## [Exercise]
Within the entries below, please return exactly the lines from the one with "2026 GMC Terrain Denali" through the one with "1887 CAC MS64 MORGAN DOLLAR", leaving out any pictures.

(Entries taken from a collection)
^^^^
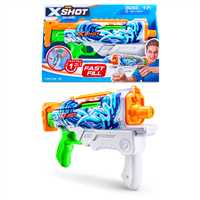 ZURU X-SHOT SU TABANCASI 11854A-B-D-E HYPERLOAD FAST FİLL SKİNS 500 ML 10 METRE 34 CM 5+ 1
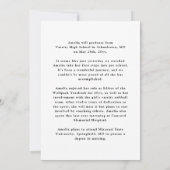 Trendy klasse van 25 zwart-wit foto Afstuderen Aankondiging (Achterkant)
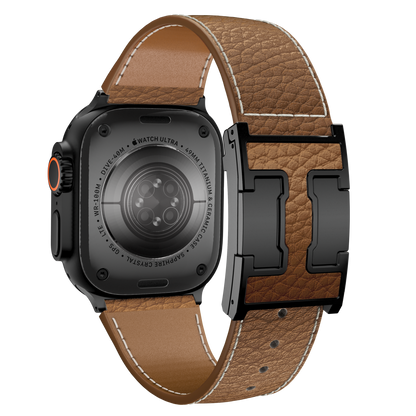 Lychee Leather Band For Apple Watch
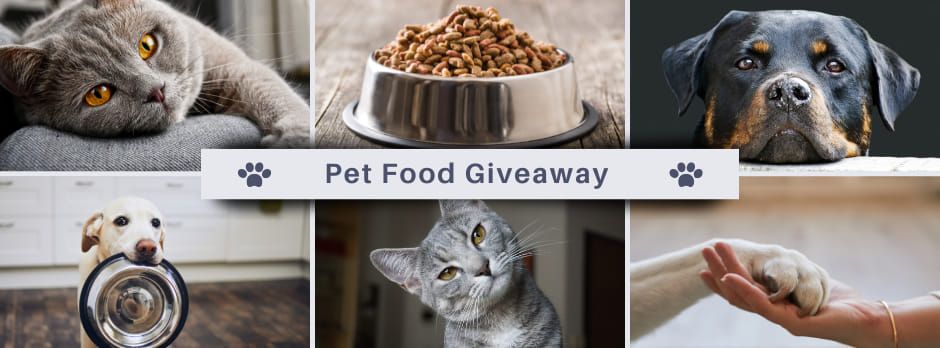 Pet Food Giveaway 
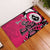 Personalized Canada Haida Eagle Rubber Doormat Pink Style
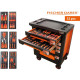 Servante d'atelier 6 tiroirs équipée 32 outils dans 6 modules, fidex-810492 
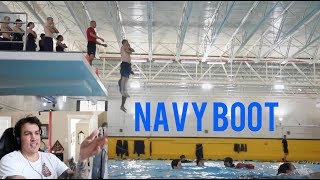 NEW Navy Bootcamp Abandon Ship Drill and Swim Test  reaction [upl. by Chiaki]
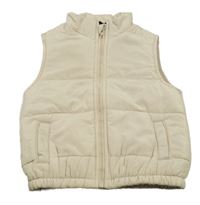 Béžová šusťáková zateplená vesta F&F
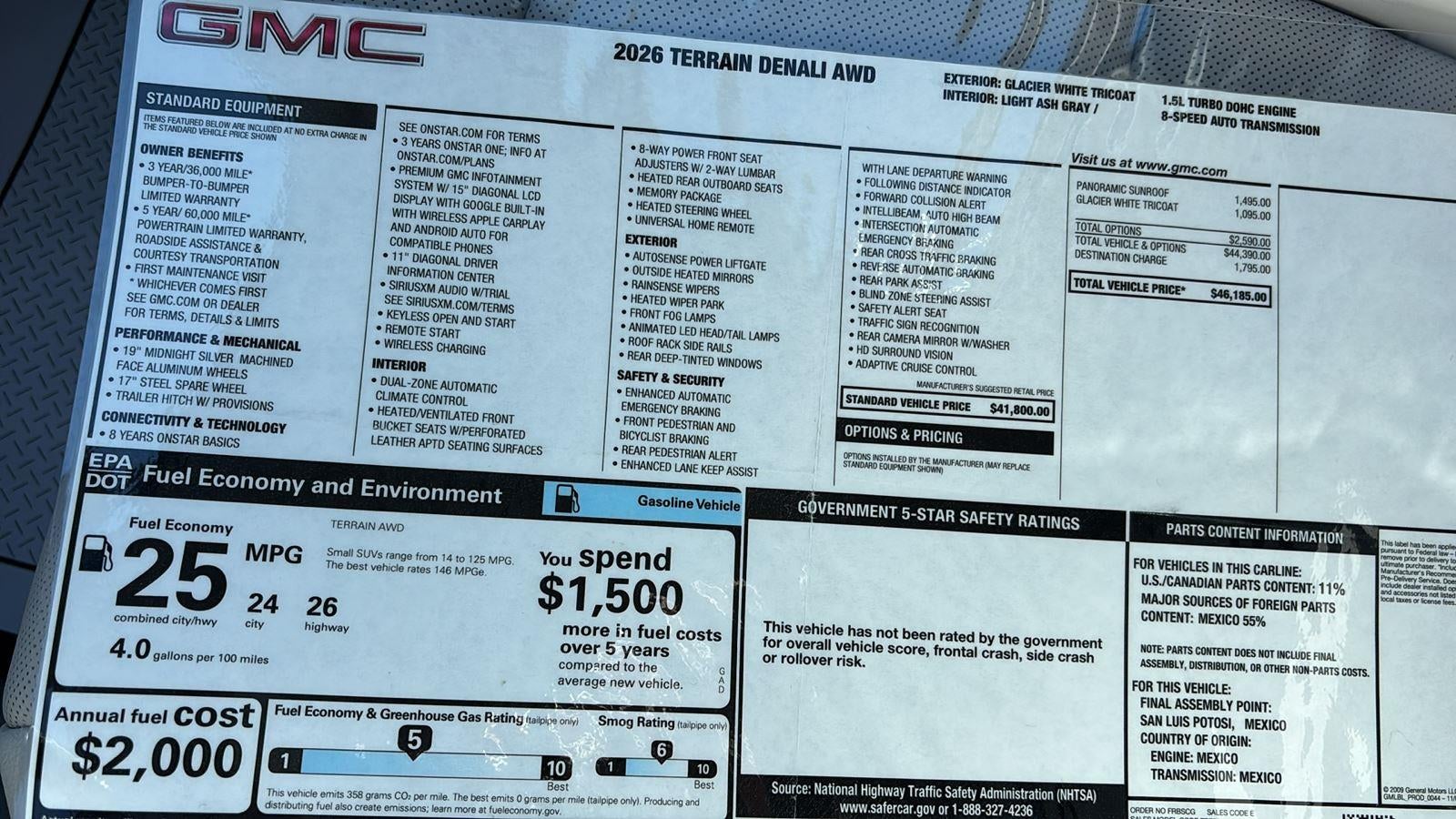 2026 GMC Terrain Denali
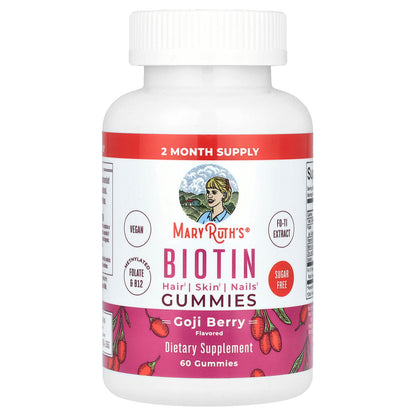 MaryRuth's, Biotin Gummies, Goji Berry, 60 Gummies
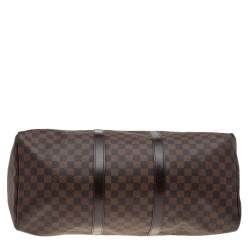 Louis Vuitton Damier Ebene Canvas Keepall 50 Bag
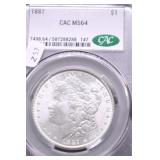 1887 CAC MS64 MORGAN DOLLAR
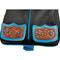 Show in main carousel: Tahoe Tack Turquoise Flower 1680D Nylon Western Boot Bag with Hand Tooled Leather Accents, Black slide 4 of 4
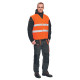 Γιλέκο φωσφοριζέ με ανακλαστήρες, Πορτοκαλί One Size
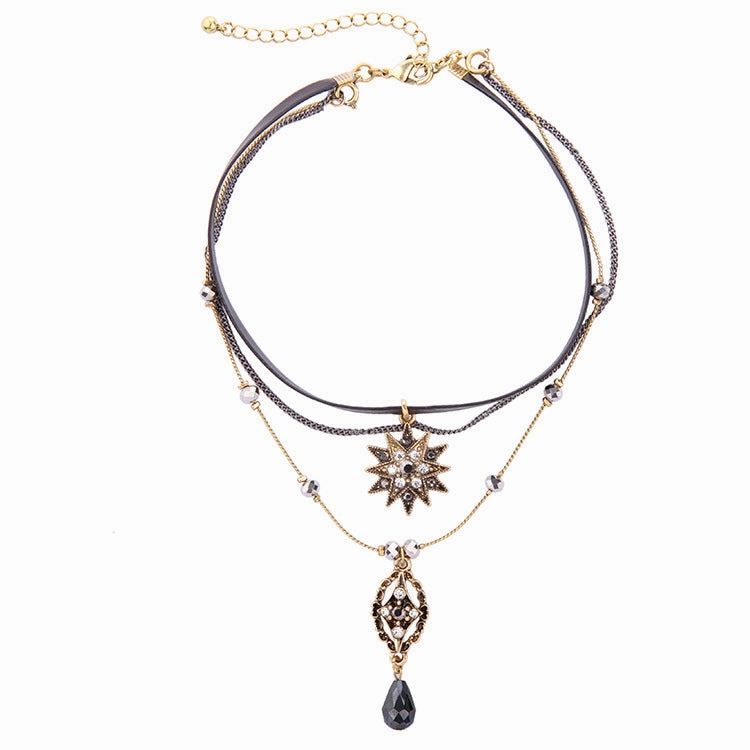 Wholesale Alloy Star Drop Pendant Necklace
^^^^
## [Answer section]
 2026 GMC Terrain Denali
 MaryRuth's, Biotin Gummies, Goji Berry, 60 Gummies
 Louis Vuitton Damier Ebene Canvas Keepall 50 Bag
 1887 CAC MS64 MORGAN DOLLAR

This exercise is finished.